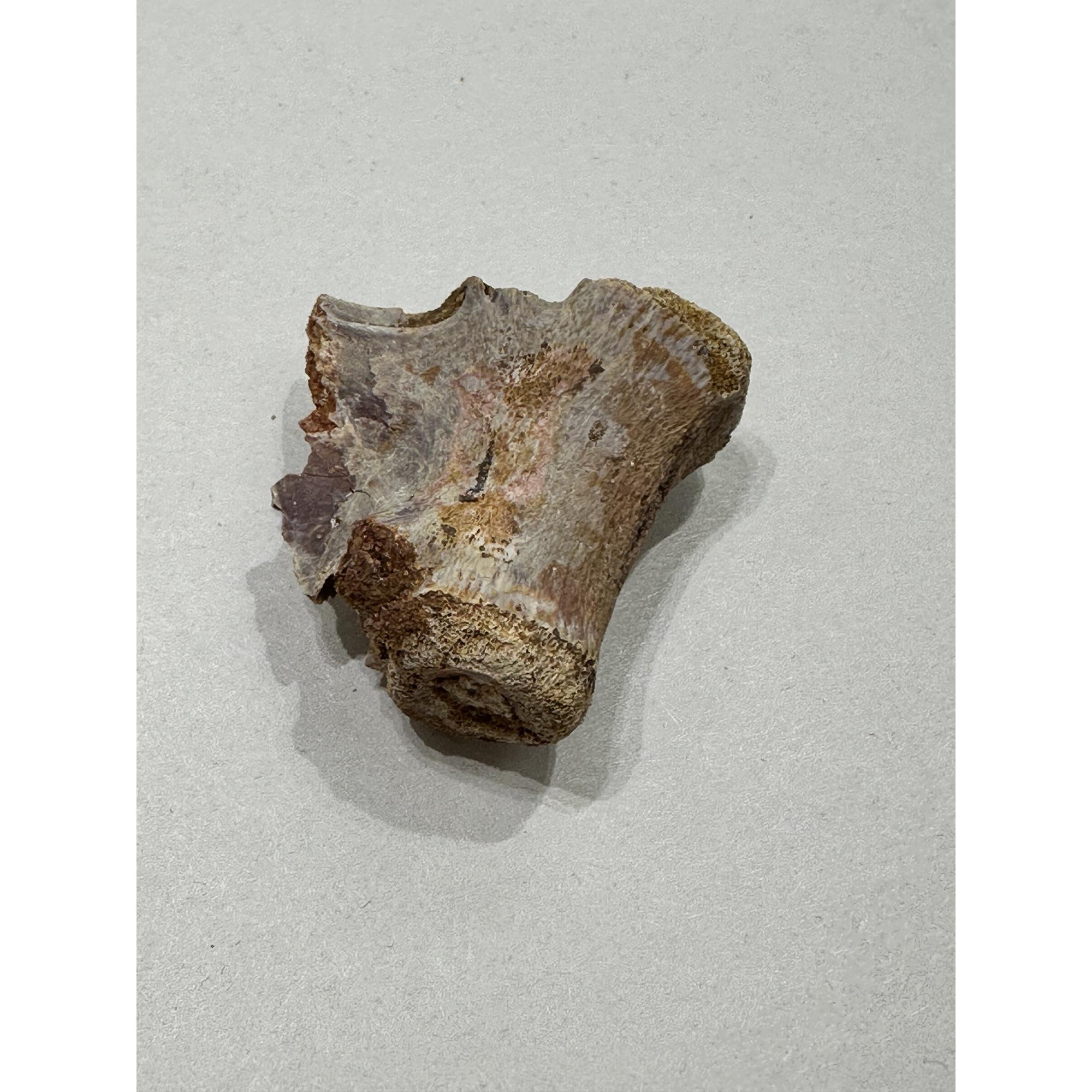 Raptor Tail Vertebrae, Gorgeous detail Prehistoric Online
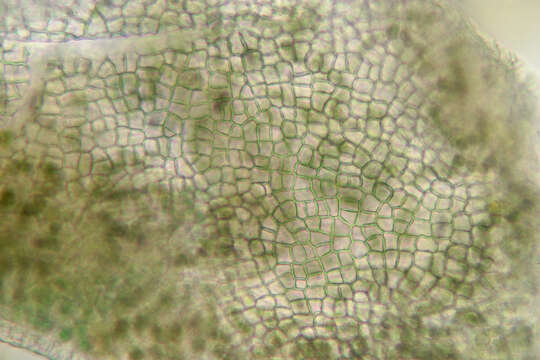 Image of gelatinous skin lichen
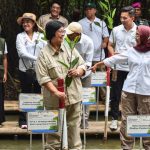 Penanaman 25.000 mangrove secara serentak di Indonesia. Foto: KLHK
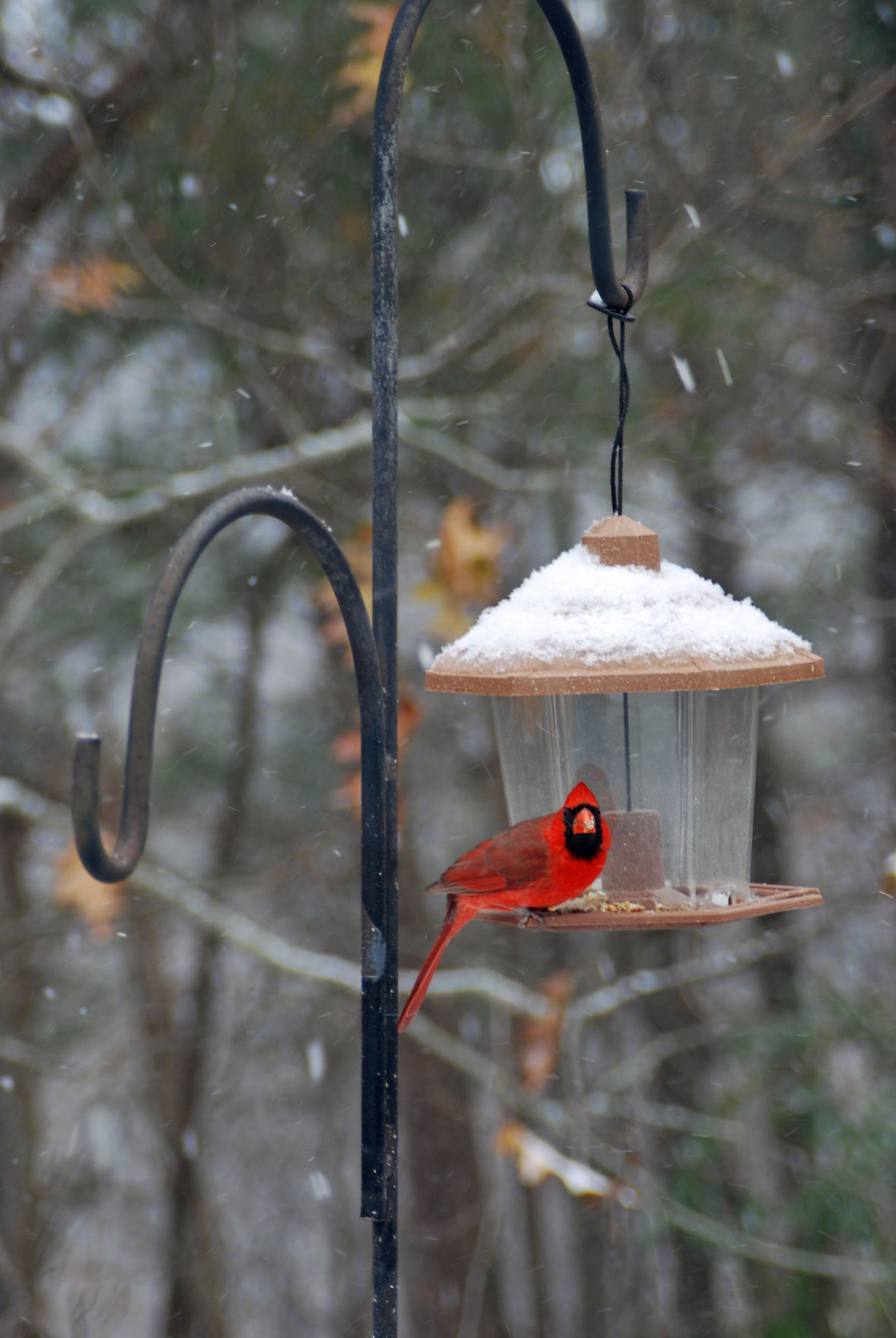 Maude-Johnson Birds.jpg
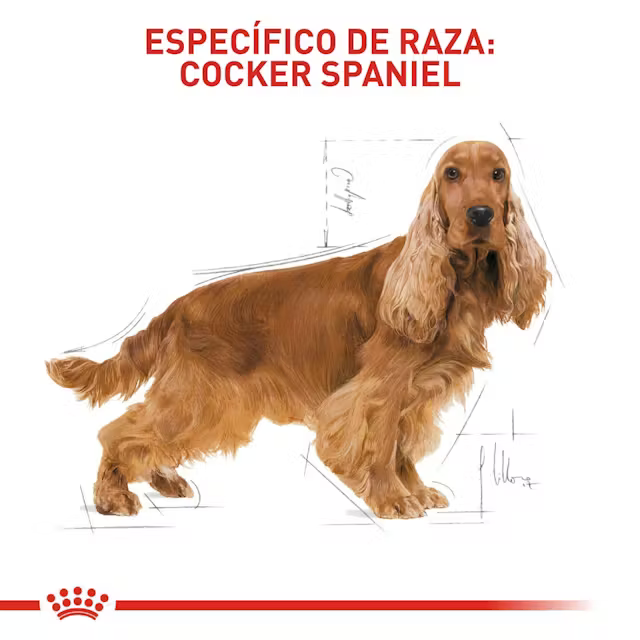 Alimento Royal Canin Cocker Perro Adulto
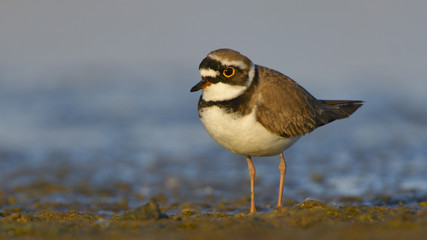Little ringed plover (Charadrius dubius)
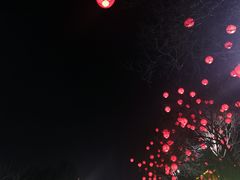 -大雁塔北广场音乐喷泉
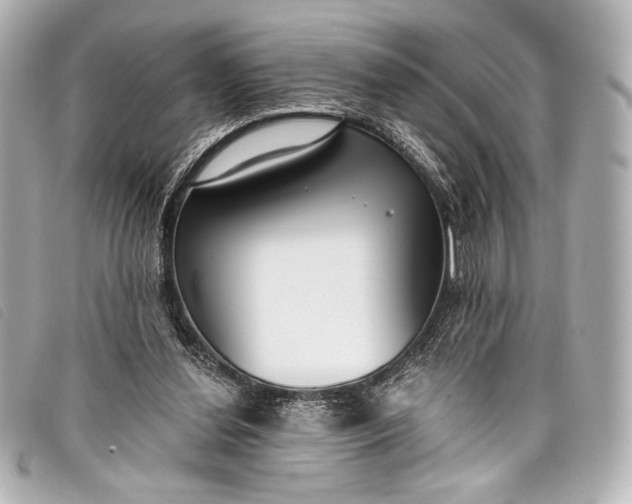 X0000098110252200804181500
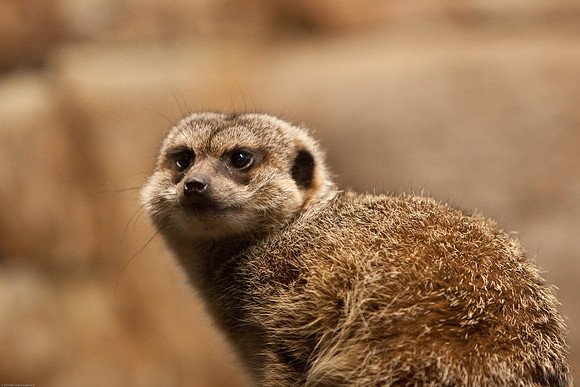 Meerkat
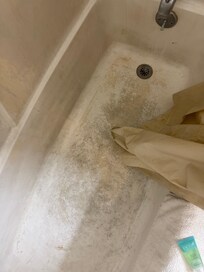 Terrible smell from the shower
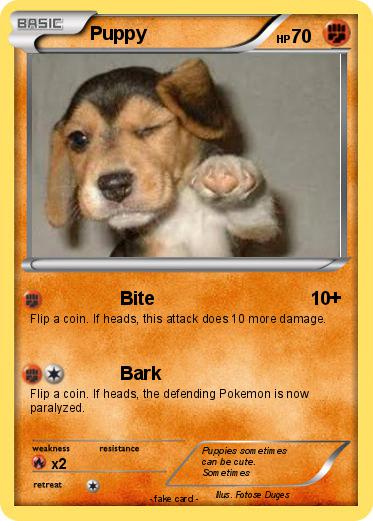 Pokemon Puppy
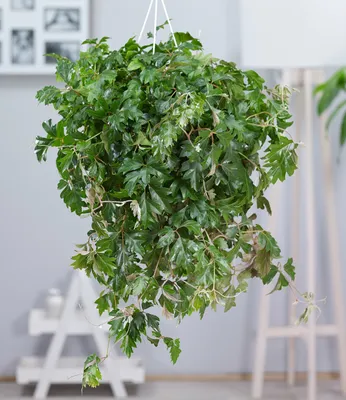 Produktbild von BALDUR Garten 1x Hängepflanze Cissus, Pflanze im 17 cm-Topf, Zimmerpflanze, hängend, schnell wachsend, Grünpflanze, mehrjährig - frostfrei halten, pflegeleicht, Cissus rhombifolia Ellen Danica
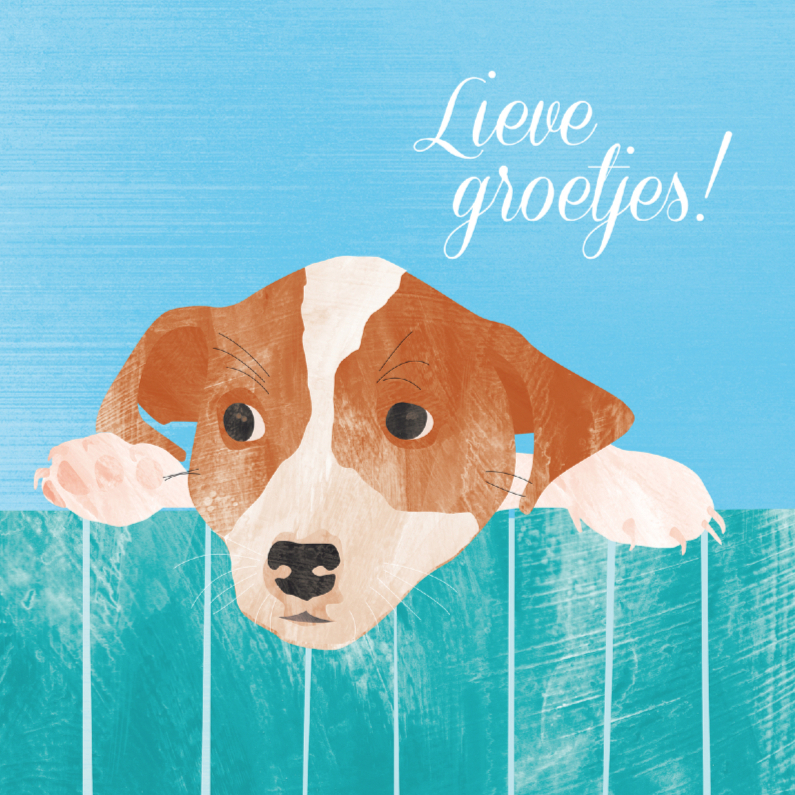 Lieve groetjes van schattig hondje - Zomaar kaarten Zomaar kaarten - Lieve groetjes van schattig hondje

WHAT YOU WILL DO ▸ Restate the material above exactly. Exclude all pictures.

RESPONSE ▸
 Raptor Tail Vertebrae, Gorgeous detail Prehistoric Online
 Image of gelatinous skin lichen
 Penanaman 25.000 mangrove secara serentak di Indonesia. Foto: KLHK
 Maude-Johnson Birds.jpg
 Alimento Royal Canin Cocker Perro Adulto
Little ringed plover (Charadrius dubius)
 -大雁塔北广场音乐喷泉
 X0000098110252200804181500
 Meerkat
 Terrible smell from the shower
 Pokemon Puppy
 Produktbild von BALDUR Garten 1x Hängepflanze Cissus, Pflanze im 17 cm-Topf, Zimmerpflanze, hängend, schnell wachsend, Grünpflanze, mehrjährig - frostfrei halten, pflegeleicht, Cissus rhombifolia Ellen Danica
 Lieve groetjes van schattig hondje - Zomaar kaarten Zomaar kaarten - Lieve groetjes van schattig hondje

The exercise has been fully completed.